= Coat of arms of Callao =

Coat of arms of Callao.

The Coat of arms of Callao was adopted in 1953 and has its origin in the medal awarded to the participants in the Siege of Callao in 1826. On the shield is a tower with the flag of Peru flying over it, the sea in the background and a radiant sun at the top. The official shield in the lower part shows the legend: "La Fiel y Generosa Ciudad del Callao, Asilo de las Leyes y de la Libertad" (The Faithful and Generous City of Callao, Asylum of Laws and Freedom), however in its simplest representation this text is replaced by the word "Callao".

==Origins==

On February 1, 1826, the Governing Council formed by Marshal José de La Mar, José de Larrea y Loredo, Hipólito Unanue and Juan Salazar issued a decree granting honors to the members of the army who participated during the Siege of Callao. The generals and officers were awarded a gold medal, while for the rest of the troop it was of silver. The medal had an oval shape, with a turret in the center and a Peruvian flag on it. Around it was engraved with the inscription "Toma del Callao, 1826" (Siege of Callao, 1826).

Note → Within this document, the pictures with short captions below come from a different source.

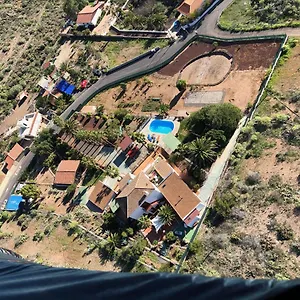 Ferienhaus Casa La Era Spanien
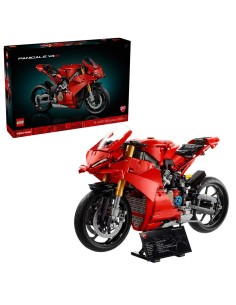 Construction set Lego 42202 1603 Pieces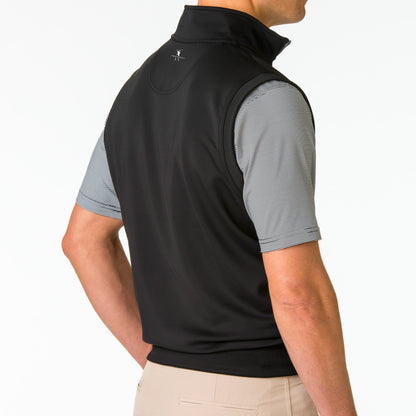 BLACK/DARK SHADOW GREY HEATHER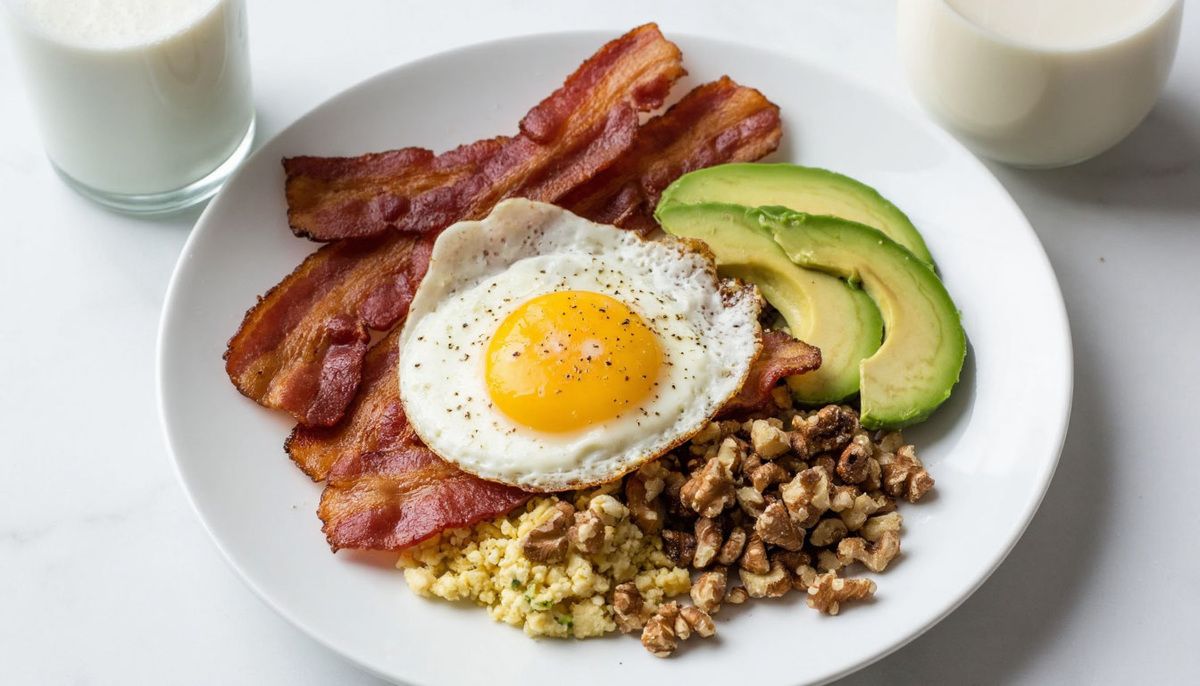 Популярные диеты: что выбрать, чтобы не навредить здоровью?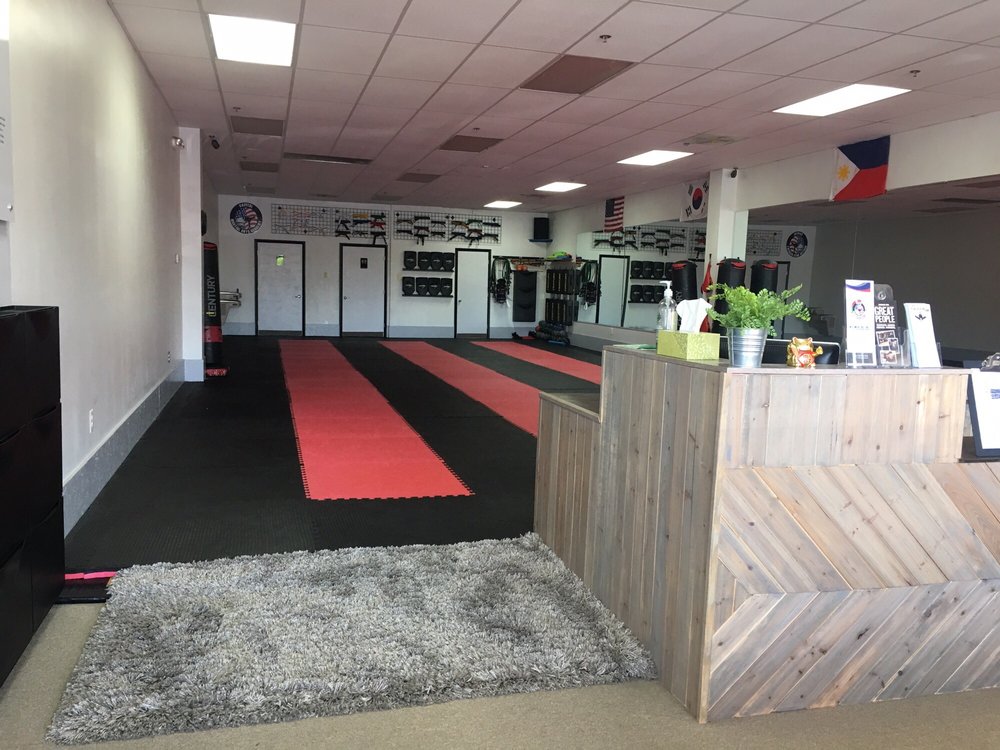 Capitol Martial Arts Academy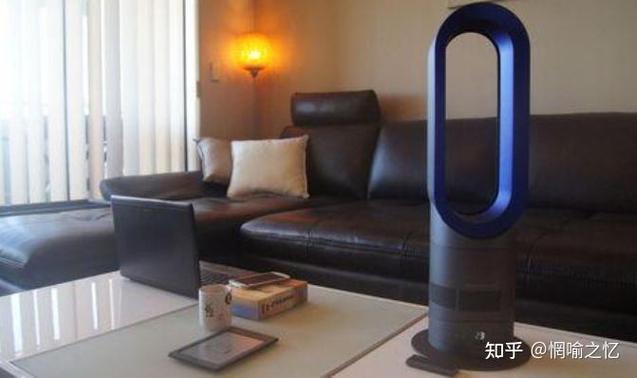 戴森冷暖风扇怎么切换，戴森冷风扇怎么调温度？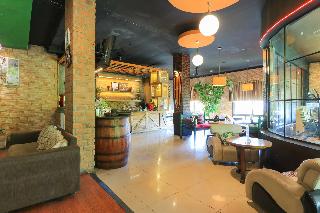 Labuana Homestay and Cafe Garden Makassar by ZUZU fotoÄŸrafÄ±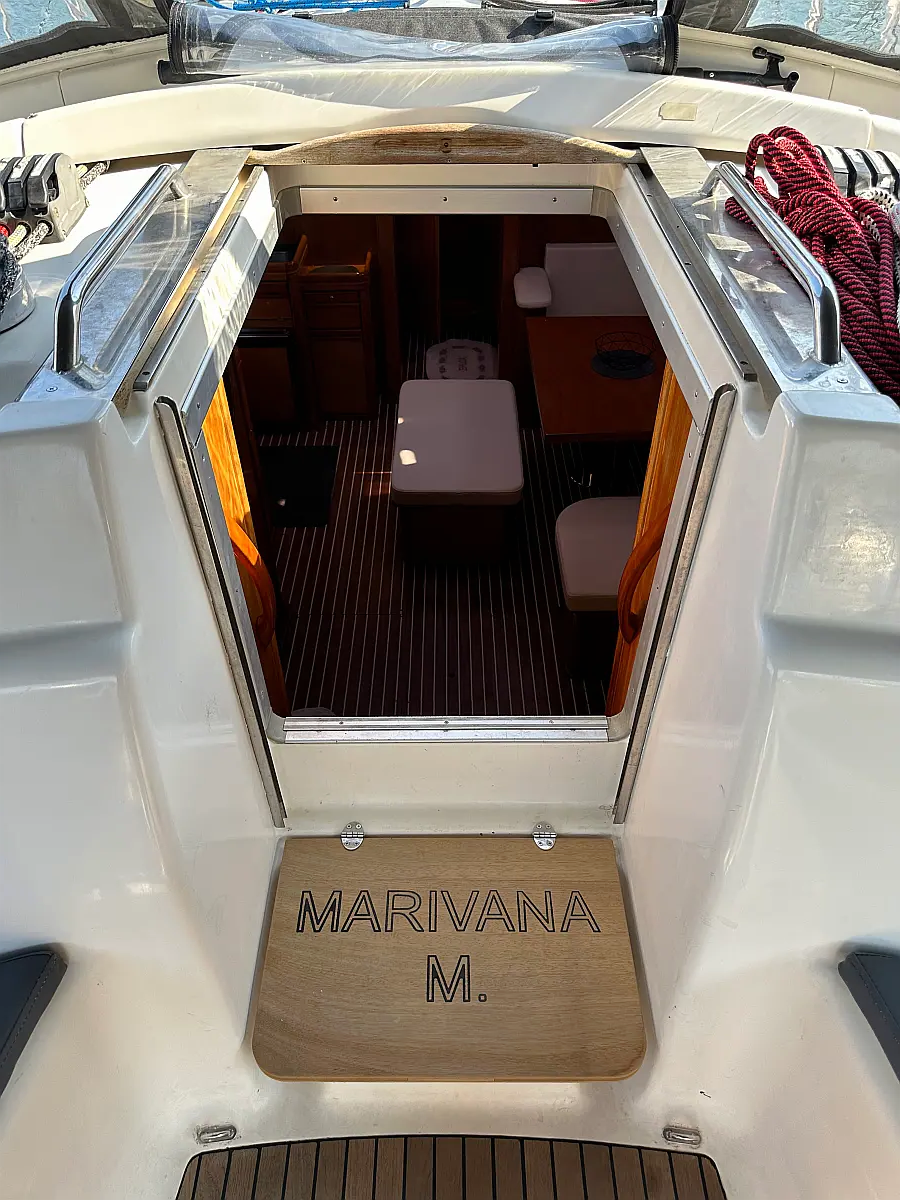 Bavaria Cruiser 46 | Marivana M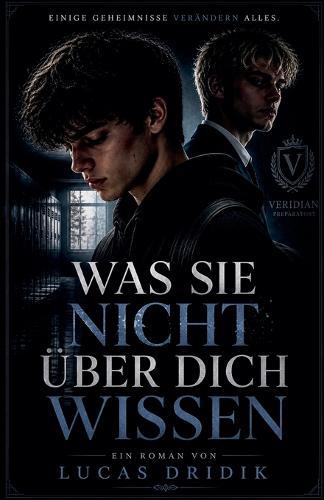 Was sie nicht über dich wissen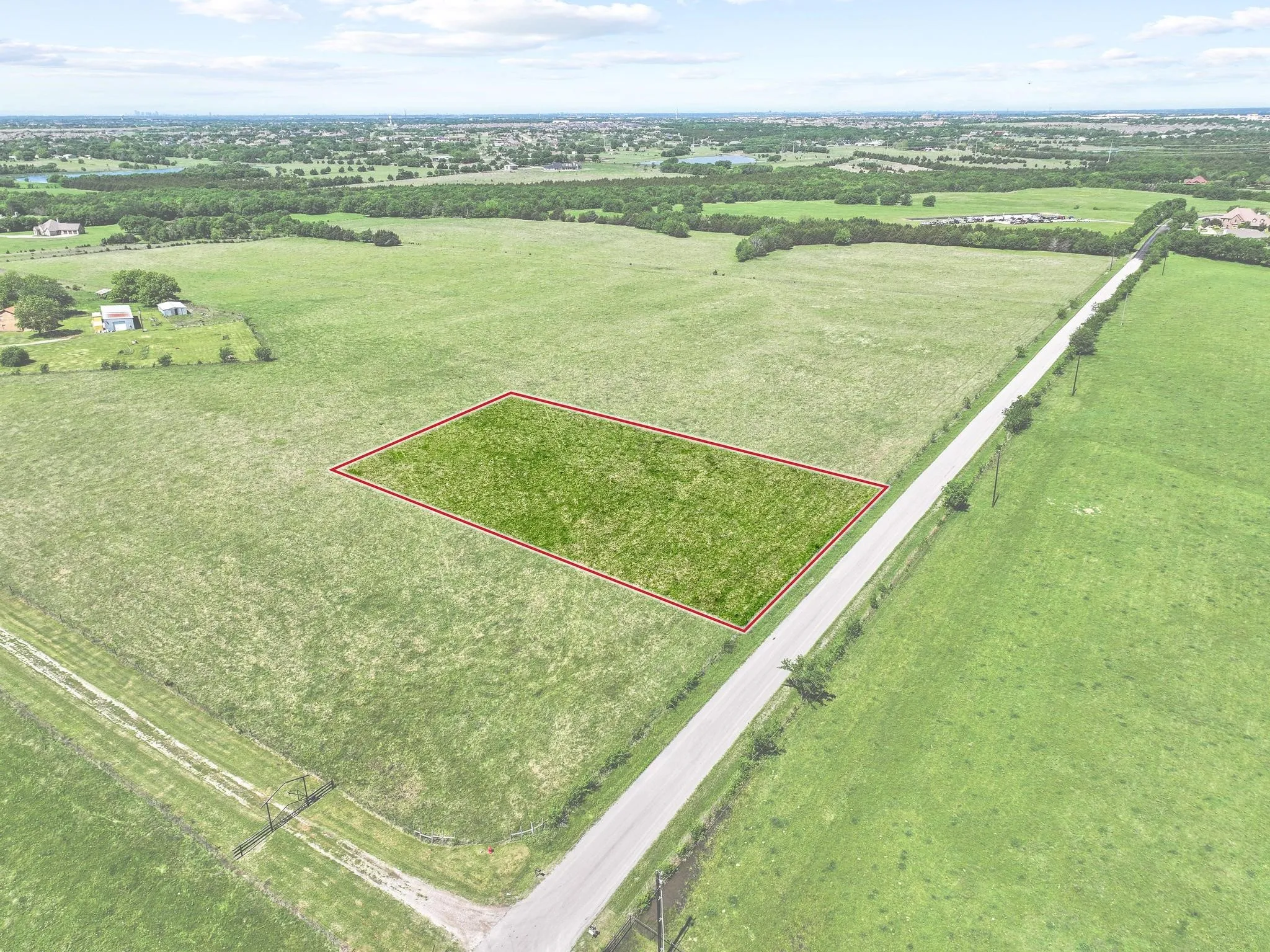 Improved Land For Sale in Rockwall County , 000 Lot 1 Dowell Road, Mclendon Chisholm, Texas 75032, 0, 0, Garage spaces, 0 Sqft, built in 0, Price $350,000, mls#21246176, Real Estate Agent in Mclendon Chisholm, Homes For Sale in Rockwall county, Homes For Sale in Mclendon Chisholm, Realtor in Mclendon Chisholm Texas, Real Estate Brokerage Independent Realty Texas, Luminita Cordes Realtor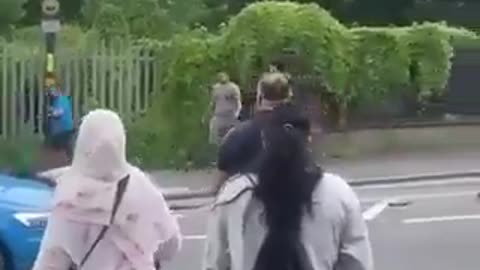 UK violence everyday kids die for diversity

The text of the lower part has its origin in 1834, when the newly elected president Luis José de Orbegoso, suspecting a coup d'etat by ex-president Agustín Gamarra, decides to take refuge in the Real Felipe Fortress. Gamarra gives the coup in Lima proclaiming General Pedro Pablo Bermúdez as Provisional Supreme Chief after which the latter marched with his forces to Callao to capture Orbegoso. However, the villagers opposed the coup leaders who, after several hours of struggle, decided to withdraw. In recognition of the behavior of its inhabitants, in the session of the National Convention of March 7, 1834, President Orbegoso granted Callao the title of ""La Fiel y Generosa Ciudad del Callao, Asilo de las Leyes y de la Libertad" (The Faithful and Generous City of Callao, Asylum of Laws and Freedom), promulgating the decree confirming it the next day.